[Task to complete]
The response must reproduce exactly every line of the material below holding the word "MNTD".

START Task inputs

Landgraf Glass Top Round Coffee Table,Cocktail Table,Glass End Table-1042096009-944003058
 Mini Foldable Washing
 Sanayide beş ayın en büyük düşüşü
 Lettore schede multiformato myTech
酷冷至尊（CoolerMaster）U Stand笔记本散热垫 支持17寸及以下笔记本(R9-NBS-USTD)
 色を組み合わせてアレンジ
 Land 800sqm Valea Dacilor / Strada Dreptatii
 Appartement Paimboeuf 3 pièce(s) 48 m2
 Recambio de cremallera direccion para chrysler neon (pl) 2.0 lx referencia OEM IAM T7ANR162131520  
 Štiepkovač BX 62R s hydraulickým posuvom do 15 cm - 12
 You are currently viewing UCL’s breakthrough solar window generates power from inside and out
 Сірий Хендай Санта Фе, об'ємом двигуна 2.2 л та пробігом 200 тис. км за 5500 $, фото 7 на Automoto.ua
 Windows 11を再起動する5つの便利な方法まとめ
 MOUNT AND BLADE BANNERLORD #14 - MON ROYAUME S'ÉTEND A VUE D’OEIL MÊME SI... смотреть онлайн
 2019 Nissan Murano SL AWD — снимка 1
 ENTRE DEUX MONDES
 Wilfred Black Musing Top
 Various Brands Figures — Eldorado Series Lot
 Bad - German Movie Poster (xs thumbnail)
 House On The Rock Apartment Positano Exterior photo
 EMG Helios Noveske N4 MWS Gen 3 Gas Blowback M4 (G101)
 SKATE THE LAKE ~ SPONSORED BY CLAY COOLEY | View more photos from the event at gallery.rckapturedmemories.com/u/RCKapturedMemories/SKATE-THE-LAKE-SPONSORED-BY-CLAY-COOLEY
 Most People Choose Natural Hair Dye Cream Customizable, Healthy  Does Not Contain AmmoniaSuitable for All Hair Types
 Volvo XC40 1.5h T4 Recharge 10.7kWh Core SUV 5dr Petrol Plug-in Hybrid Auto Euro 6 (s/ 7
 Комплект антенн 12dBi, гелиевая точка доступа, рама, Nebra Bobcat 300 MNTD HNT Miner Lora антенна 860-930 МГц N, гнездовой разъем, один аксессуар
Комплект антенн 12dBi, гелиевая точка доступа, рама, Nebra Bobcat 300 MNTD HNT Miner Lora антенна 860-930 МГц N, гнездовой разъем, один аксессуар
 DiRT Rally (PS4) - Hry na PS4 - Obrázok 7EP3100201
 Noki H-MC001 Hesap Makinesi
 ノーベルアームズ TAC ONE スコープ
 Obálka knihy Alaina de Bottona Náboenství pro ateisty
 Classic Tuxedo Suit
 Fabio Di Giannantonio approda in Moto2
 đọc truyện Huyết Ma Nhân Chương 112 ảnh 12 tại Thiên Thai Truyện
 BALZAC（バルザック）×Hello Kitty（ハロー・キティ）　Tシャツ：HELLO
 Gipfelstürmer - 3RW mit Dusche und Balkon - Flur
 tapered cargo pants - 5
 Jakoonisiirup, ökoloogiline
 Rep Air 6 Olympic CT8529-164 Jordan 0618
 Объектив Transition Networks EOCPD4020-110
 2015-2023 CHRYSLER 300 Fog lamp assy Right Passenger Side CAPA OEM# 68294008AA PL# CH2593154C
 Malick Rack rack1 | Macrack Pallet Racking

END Task inputs

[Result of this task]
 Комплект антенн 12dBi, гелиевая точка доступа, рама, Nebra Bobcat 300 MNTD HNT Miner Lora антенна 860-930 МГц N, гнездовой разъем, один аксессуар
Комплект антенн 12dBi, гелиевая точка доступа, рама, Nebra Bobcat 300 MNTD HNT Miner Lora антенна 860-930 МГц N, гнездовой разъем, один аксессуар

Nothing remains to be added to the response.